=== Task to complete ===
In the answer, give the entries below exactly, from the first line through the line with "Radiant Red /", with every picture omitted.
*** Data to process ***
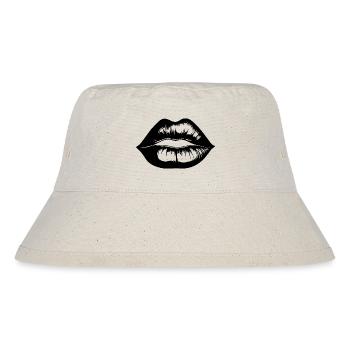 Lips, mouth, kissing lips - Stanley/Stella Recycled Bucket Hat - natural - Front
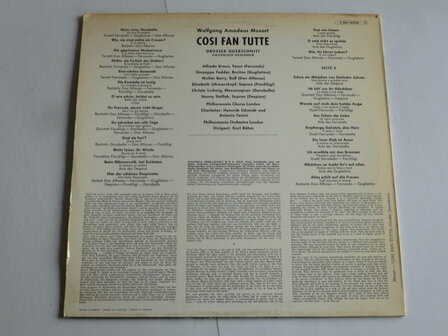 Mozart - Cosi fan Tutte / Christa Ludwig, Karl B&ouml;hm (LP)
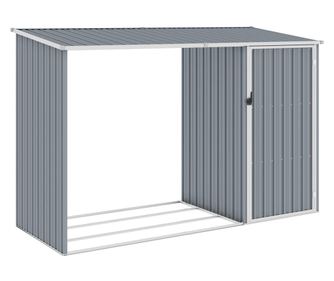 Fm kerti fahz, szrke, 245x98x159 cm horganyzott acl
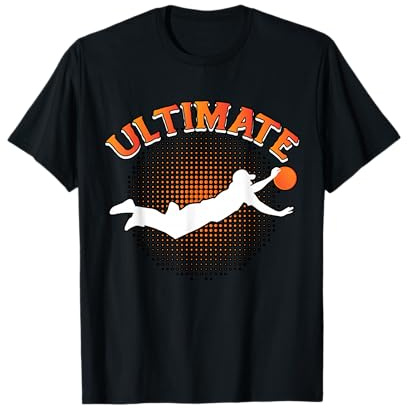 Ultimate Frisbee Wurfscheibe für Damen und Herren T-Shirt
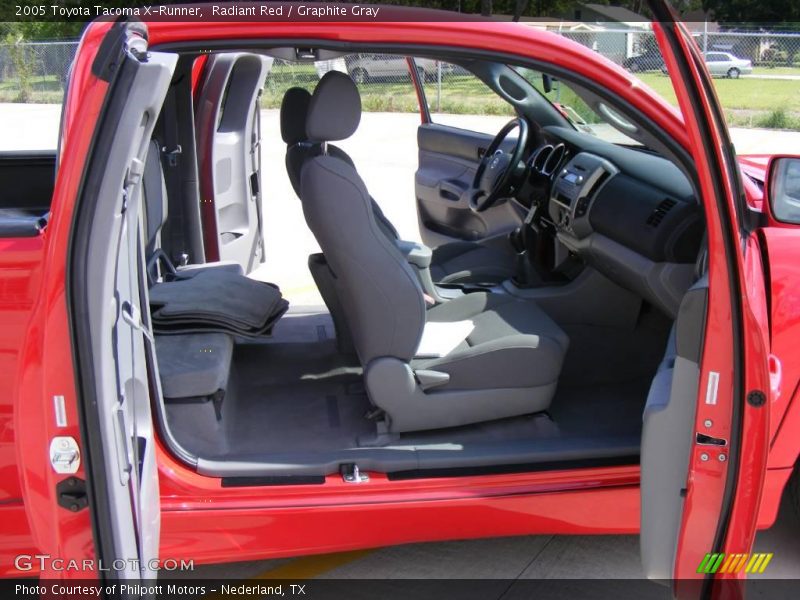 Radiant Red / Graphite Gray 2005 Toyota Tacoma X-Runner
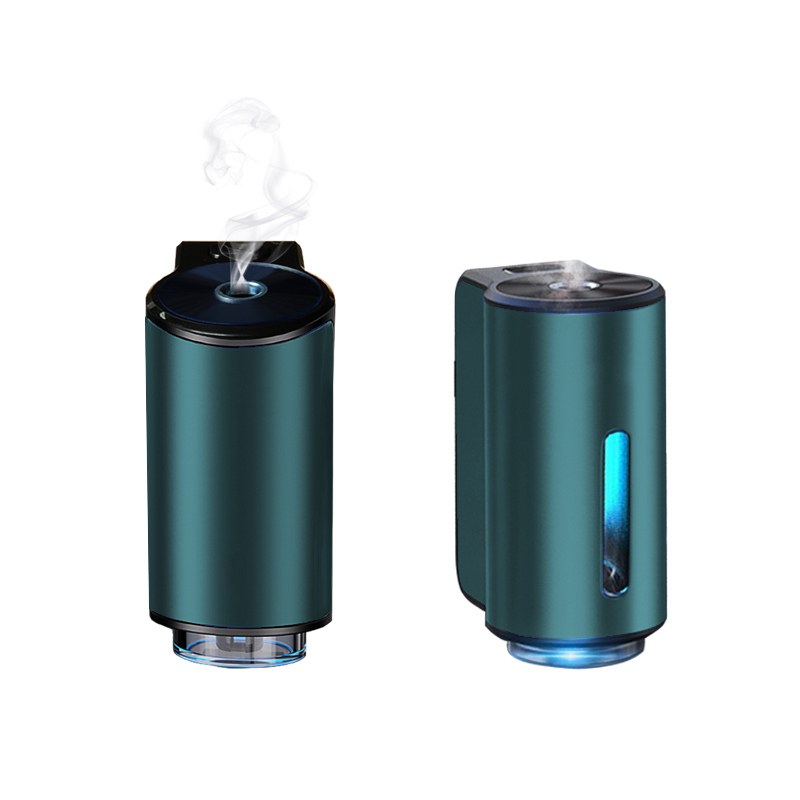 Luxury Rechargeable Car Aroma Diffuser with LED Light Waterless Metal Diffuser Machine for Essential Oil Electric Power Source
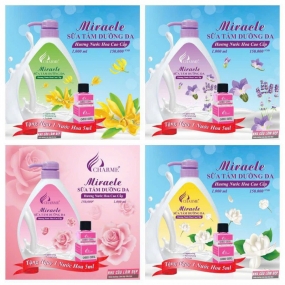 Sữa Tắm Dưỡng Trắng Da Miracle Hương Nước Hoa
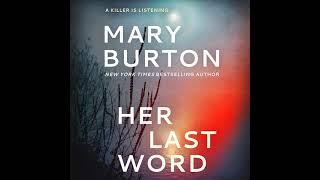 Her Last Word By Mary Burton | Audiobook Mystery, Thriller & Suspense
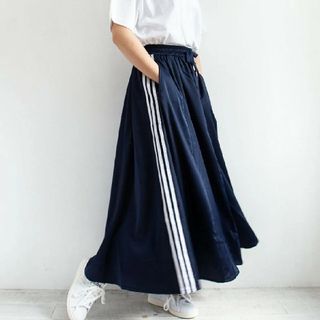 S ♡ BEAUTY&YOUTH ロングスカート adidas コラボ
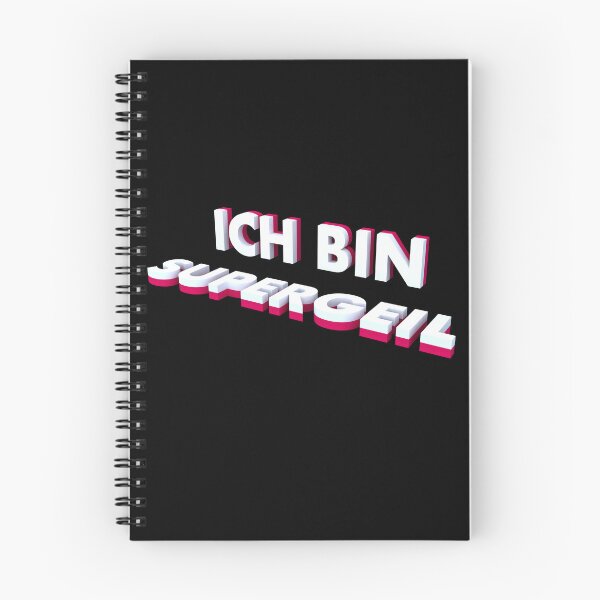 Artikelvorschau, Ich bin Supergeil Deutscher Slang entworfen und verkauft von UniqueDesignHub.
*** End of Data to process ***
=== Output for this task ===
 Lips, mouth, kissing lips - Stanley/Stella Recycled Bucket Hat - natural - Front
 Mozart - Cosi fan Tutte / Christa Ludwig, Karl B&ouml;hm (LP)
 Fm kerti fahz, szrke, 245x98x159 cm horganyzott acl
 Ultimate Frisbee Wurfscheibe für Damen und Herren T-Shirt
 Radiant Red / Graphite Gray 2005 Toyota Tacoma X-Runner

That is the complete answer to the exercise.